» To do
State the number of lines in the following data that include the word "おしゃれ", with no other text.

######

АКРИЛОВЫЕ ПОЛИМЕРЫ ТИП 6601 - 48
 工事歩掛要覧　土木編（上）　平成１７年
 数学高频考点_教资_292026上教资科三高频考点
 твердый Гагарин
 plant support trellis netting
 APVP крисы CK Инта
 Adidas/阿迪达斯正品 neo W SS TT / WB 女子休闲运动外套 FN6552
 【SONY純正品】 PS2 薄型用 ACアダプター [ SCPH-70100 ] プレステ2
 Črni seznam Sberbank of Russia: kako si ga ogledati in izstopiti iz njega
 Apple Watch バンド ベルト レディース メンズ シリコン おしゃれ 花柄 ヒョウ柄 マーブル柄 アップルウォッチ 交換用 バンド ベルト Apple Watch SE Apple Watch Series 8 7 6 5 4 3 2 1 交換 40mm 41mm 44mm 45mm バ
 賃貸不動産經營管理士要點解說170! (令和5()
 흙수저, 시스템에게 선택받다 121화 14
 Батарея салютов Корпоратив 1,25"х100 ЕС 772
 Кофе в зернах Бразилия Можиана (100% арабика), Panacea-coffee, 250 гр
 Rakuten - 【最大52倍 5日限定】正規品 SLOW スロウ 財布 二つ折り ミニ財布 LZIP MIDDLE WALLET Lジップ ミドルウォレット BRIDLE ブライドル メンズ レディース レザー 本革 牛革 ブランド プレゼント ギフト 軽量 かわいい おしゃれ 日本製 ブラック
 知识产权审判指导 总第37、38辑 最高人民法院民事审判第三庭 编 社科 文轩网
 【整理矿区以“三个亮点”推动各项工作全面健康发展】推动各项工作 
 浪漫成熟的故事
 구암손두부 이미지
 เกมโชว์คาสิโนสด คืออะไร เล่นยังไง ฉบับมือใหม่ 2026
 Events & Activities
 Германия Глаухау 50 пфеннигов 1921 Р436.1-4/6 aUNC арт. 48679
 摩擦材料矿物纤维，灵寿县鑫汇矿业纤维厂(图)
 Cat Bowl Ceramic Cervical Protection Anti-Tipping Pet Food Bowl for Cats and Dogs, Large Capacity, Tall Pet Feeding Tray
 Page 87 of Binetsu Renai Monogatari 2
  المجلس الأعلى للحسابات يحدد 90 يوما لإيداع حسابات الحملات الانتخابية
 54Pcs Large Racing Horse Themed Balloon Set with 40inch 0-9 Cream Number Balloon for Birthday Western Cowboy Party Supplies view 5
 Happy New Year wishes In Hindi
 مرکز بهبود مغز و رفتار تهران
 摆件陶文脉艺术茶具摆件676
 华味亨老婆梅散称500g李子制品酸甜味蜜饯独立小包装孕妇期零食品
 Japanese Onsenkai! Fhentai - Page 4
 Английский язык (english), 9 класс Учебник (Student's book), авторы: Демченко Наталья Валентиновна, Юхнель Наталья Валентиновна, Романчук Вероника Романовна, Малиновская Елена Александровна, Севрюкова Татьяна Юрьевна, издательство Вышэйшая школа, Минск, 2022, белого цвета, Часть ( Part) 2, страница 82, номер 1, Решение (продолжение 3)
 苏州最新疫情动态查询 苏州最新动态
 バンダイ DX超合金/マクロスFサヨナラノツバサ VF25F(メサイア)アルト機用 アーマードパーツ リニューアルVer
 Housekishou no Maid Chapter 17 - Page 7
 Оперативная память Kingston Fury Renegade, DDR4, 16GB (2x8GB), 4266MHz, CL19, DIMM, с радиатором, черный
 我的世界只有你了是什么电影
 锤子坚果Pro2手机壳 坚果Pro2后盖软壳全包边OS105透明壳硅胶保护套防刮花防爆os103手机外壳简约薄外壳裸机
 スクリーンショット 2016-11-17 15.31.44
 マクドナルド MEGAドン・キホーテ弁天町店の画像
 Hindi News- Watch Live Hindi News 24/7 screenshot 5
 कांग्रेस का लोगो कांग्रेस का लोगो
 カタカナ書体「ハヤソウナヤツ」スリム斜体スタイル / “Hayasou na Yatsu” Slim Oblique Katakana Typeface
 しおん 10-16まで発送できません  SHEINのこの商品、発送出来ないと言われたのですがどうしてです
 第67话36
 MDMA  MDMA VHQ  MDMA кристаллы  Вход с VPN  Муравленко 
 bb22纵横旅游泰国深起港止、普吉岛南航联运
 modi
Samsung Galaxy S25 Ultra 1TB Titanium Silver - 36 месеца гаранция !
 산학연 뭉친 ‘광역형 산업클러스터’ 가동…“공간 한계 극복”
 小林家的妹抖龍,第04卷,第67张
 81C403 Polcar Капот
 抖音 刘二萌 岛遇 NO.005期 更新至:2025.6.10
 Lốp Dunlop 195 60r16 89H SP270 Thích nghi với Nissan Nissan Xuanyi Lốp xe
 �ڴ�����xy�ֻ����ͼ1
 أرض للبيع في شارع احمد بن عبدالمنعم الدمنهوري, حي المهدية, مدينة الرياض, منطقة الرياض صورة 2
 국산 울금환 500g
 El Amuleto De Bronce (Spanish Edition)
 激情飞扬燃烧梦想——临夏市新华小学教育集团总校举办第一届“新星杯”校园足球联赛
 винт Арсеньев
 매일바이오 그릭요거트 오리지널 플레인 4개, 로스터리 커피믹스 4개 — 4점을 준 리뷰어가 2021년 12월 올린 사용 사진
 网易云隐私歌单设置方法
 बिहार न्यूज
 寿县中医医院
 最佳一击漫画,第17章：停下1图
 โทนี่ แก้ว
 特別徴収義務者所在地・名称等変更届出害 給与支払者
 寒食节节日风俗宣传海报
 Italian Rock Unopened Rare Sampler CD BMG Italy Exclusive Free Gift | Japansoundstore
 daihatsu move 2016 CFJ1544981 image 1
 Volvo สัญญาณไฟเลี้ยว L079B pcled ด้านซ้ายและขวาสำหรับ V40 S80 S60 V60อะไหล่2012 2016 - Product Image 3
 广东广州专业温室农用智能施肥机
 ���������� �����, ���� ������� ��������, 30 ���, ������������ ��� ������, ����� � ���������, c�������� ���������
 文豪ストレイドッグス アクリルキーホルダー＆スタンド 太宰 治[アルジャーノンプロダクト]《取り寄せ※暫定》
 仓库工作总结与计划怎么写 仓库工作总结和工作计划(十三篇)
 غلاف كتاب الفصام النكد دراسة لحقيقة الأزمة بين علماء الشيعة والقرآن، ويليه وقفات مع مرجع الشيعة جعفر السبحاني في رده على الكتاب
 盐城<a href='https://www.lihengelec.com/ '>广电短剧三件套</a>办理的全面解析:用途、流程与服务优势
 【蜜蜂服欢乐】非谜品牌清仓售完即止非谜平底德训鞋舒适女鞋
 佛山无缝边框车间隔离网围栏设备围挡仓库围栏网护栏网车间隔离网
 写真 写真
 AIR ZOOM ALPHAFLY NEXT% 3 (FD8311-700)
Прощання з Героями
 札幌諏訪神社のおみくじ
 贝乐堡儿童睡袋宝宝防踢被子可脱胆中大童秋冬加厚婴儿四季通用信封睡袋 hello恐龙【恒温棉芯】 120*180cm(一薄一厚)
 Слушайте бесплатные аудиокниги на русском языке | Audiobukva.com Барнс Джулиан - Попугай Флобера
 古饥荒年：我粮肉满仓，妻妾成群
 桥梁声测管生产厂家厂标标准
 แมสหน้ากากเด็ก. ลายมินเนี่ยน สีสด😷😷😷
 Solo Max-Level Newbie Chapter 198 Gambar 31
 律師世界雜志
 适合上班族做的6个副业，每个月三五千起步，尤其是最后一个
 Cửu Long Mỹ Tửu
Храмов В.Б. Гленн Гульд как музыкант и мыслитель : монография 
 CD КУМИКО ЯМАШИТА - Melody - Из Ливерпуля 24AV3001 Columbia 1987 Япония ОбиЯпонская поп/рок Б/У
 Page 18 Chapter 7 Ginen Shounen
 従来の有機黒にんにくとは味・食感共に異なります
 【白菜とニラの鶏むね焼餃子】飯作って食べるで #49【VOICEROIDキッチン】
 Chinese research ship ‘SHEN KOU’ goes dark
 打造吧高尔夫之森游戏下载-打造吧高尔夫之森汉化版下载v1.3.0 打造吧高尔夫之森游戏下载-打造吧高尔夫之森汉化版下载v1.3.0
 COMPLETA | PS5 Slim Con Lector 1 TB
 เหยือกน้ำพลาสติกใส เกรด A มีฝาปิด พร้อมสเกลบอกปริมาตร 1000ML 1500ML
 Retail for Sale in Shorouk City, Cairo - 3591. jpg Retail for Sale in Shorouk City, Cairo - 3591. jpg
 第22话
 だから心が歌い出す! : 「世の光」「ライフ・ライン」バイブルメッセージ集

######

» Exercise result
2